SEAL:智能体与学习环境的协同进化
阅读原文· arxiv.org针对大语言模型智能体自我进化中,策略与环境被单独优化导致的错位问题,本文提出SEAL框架。它构建了一个闭环协同进化系统:通过收集策略轨迹并诊断失败,将失败诊断作为共享信号,同时优化智能体的模型策略和训练环境。环境侧进化其学习接口,提供更明确的工具可用性提示;策略侧则利用诊断信息更新模型。实验表明,仅使用400个训练样本,SEAL在三种骨干网络上平均提升了8.25至26.25个点,并展现出跨领域迁移能力。
Large Language Model (LLM) agents are increasingly improved through interaction, yet most self-evolution methods adapt either the policy or the learning environment in isolation. We identify this structural gap as Agent-Environment Misalignment: the agent's capability frontier changes during training, while the environment that provides supervision remains static or only weakly coupled to the agent's revealed failures. We propose SEAL, a closed-loop co-evolution framework for interactive tool-use agents. SEAL collects on-policy trajectories under executable verification, diagnoses failed rollouts into turn-level failure labels, and uses these diagnoses as a shared signal for both environment-side adaptation and model-side policy optimization. The environment evolves its training-time learning interface by exposing clearer tool affordance cues, constraint information, and recovery-oriented feedback, while the policy is updated with diagnosis-guided advantage reweighting.

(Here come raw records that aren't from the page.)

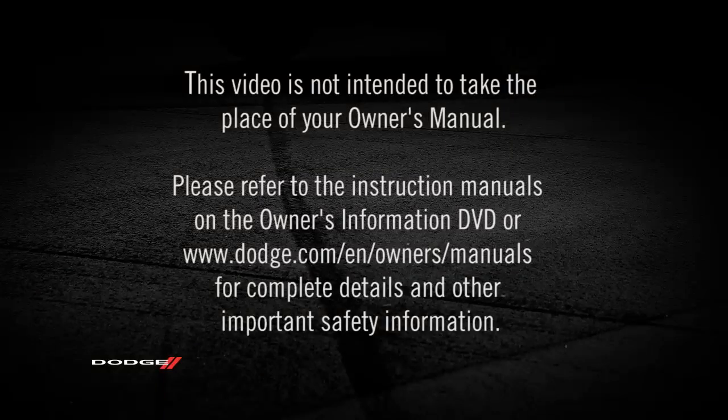Please refer to the instruction manuals on the Owner's Information DVD or dodge.com/en/owners/manuals for complete details and other important safety information.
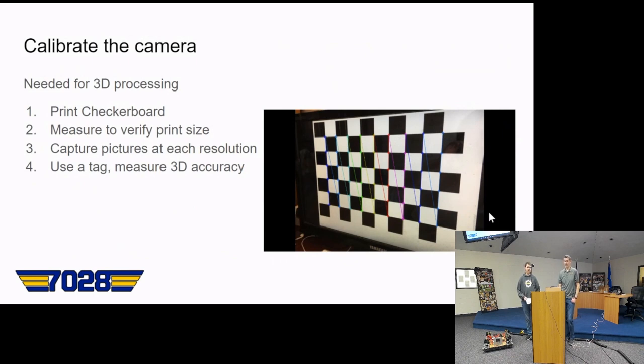For calibrating the camera, you 3D print the checkerboard. Use a ruler, dial caliper, or measuring tape to verify the square sizes, and write the actual size in a corner off the grid since you need to enter it into the software. Capture pictures of the checkerboard in the software to calibrate — you want it at different angles and distances from the camera, which is used to measure 3D accuracy better.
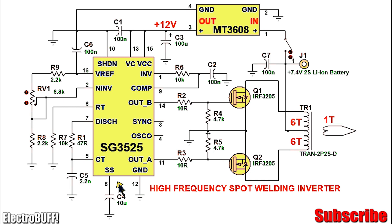Pin 8 is for soft start and you connect it to ground through a small electrolytic capacitor as shown. This will ensure that initially when the circuit is powered, the output PWM will increase in duty cycle from 0 up to the set point defined by the error amplifier. This basically minimizes the initial stress on the switching MOSFETs.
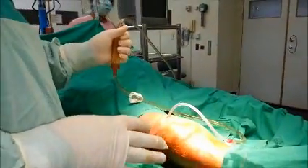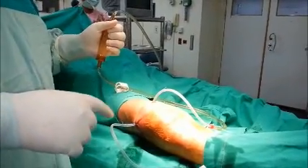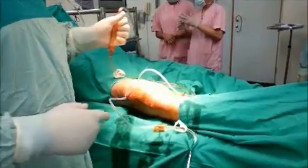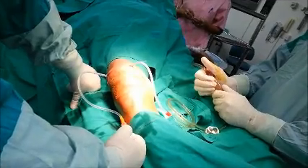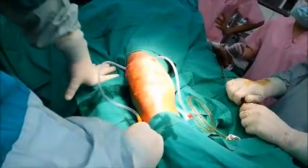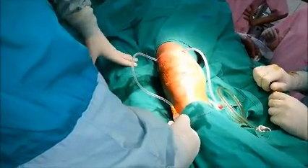Another advantage of this technique is that if we need another irrigation session for the patient after one or two days, we can do the same maneuver through the same tube without the need for another procedure. We can close this one, make filling of the joint so the water is inside the whole joint. We can see the joint inflating with the saline, then open it and it drains — inflating and deflating with the saline.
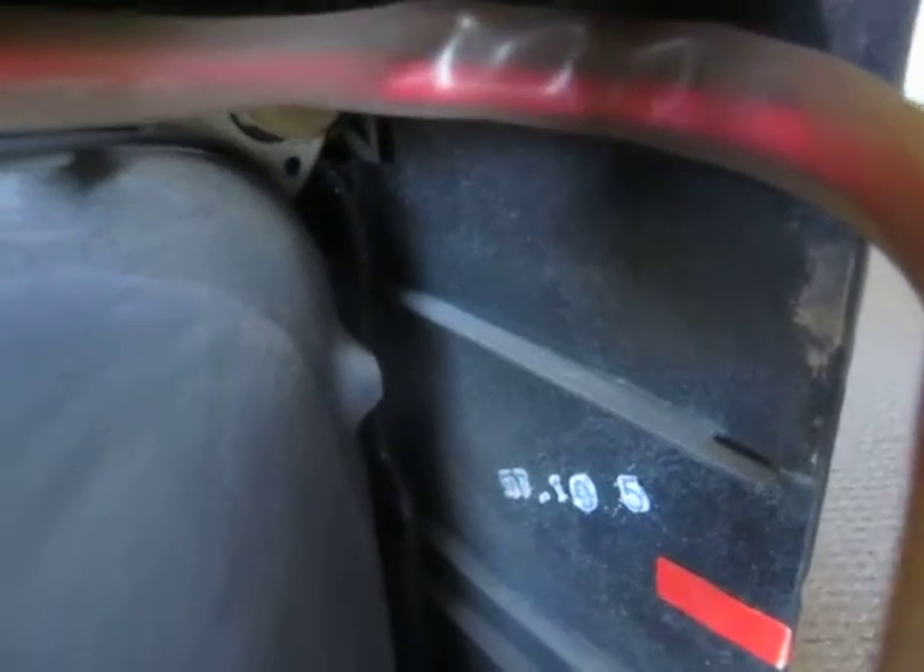I'm not sure what that means — 57, 9, 2. It's got 57, 10, 5 stamped over in here. I'm not sure what it could mean. But yeah, so there it is — the insides of the set.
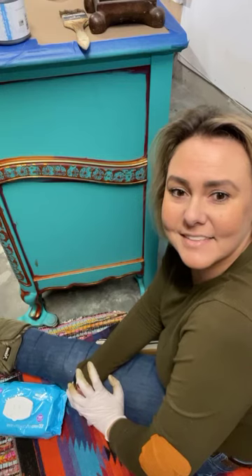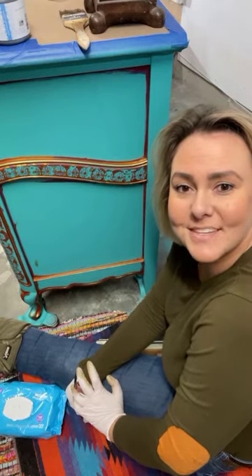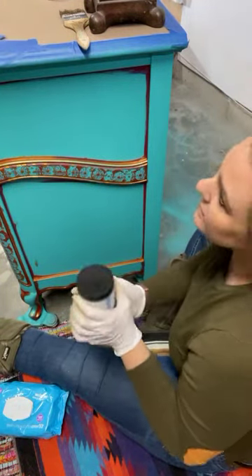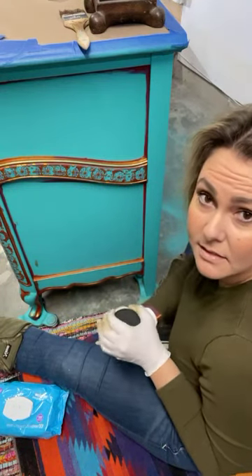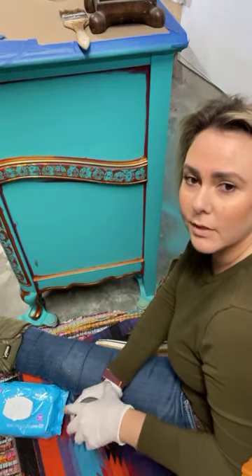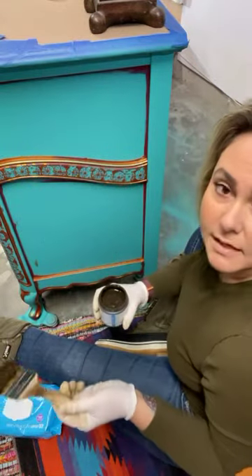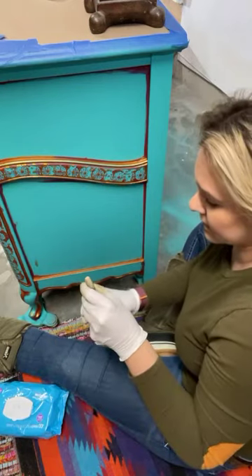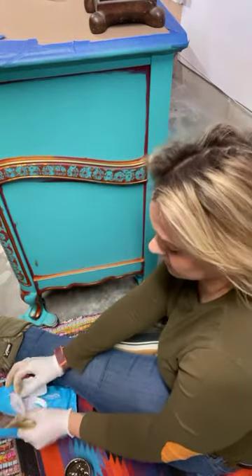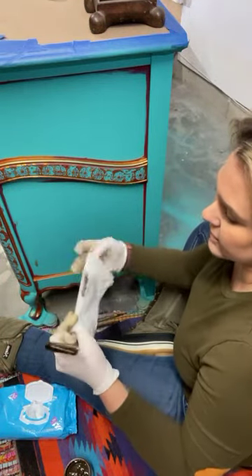Hey guys, I am Krista Mulkey and I'm a furniture artist, owner of Texas Gypsy Style. Today we are glazing. I've got some Paint Couture here — you can go on my website and check out the Paint Couture products. This is Van Dyke Brown. I've already painted this dresser in General Finishes milk paint.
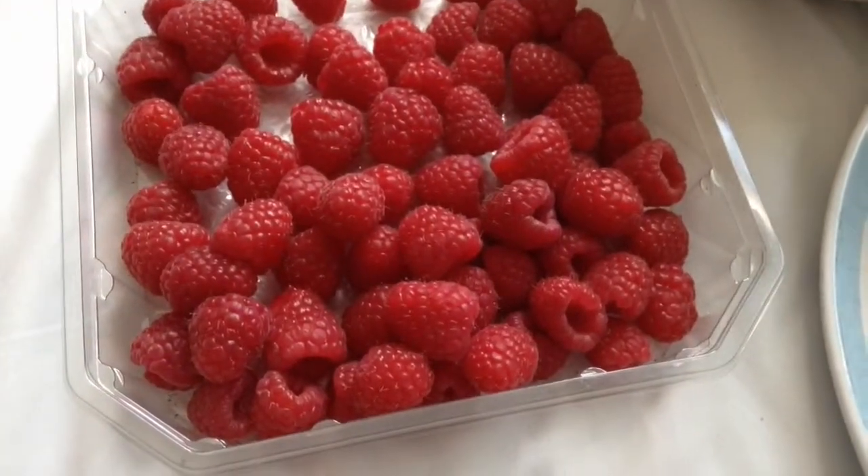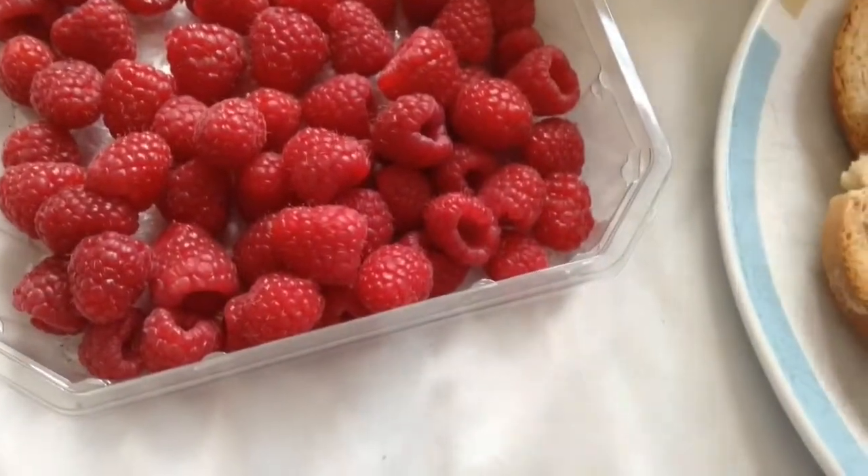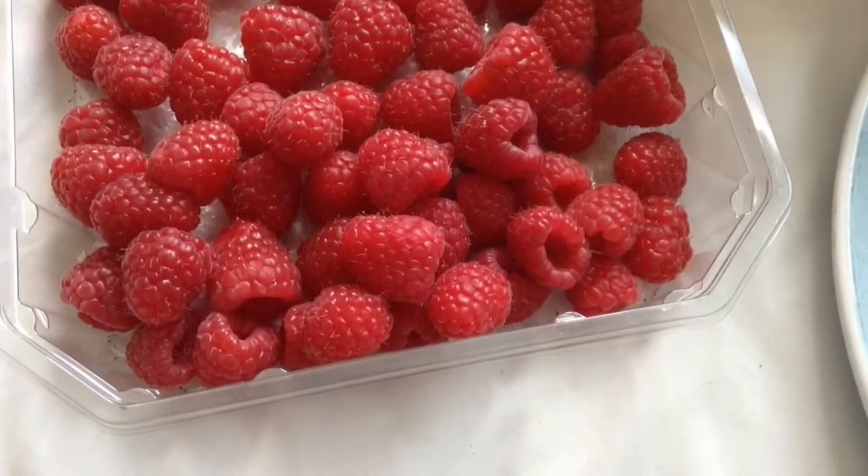Real time check-in, what up people — real video for real people. Raspberries, last of the fruit I've got actually. Gotta get some more, gotta seek out the good stuff.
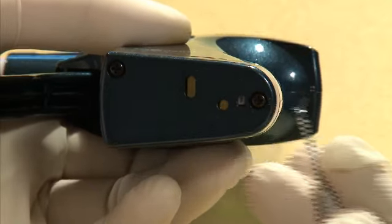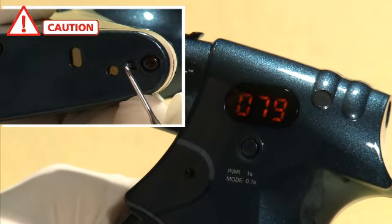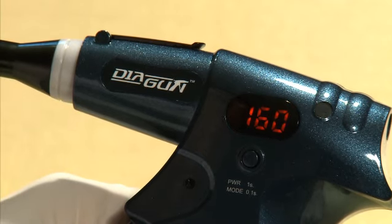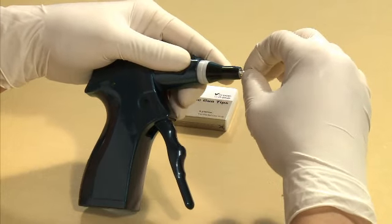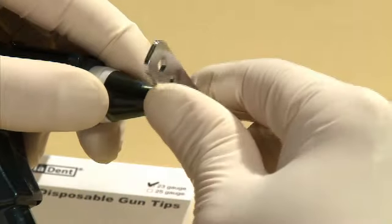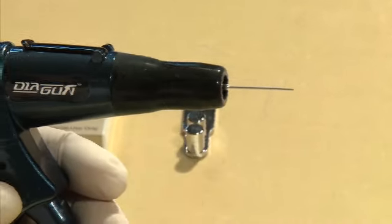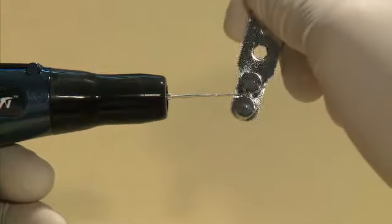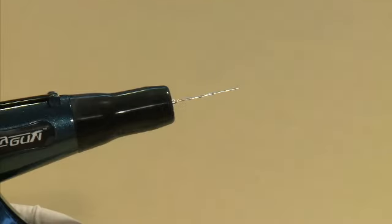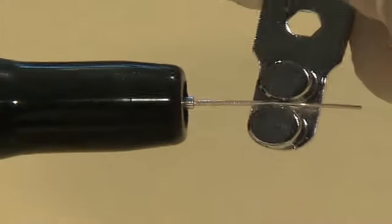Before using Diagun for the first time, it is extremely important to press the reset button located at the bottom of the Diagun handpiece. Failure to do so will result in Diagun malfunctioning in the future. Insert the gun tip into the handpiece and use the multi-purpose wrench to securely tighten the gun tip into place. Place the safety cap on top of the heat chamber to prevent possible injuries and burns. Use the multi-purpose wrench to bend the tip to the desired shape and angle — bending the gun tip by hand will result in damage to the tip; therefore, the multi-purpose wrench must be used.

Extensive experiments across in-distribution and out-of-distribution multi-turn tool-use evaluations show that SEAL improves low-resource agent learning: with only 400 training samples, it yields +8.25 to +26.25 average-point gains across three backbones and exhibits positive out-of-distribution transfer. These results demonstrate the value of jointly adapting the learner and its training-time learning substrate for robust self-improving LLM agents.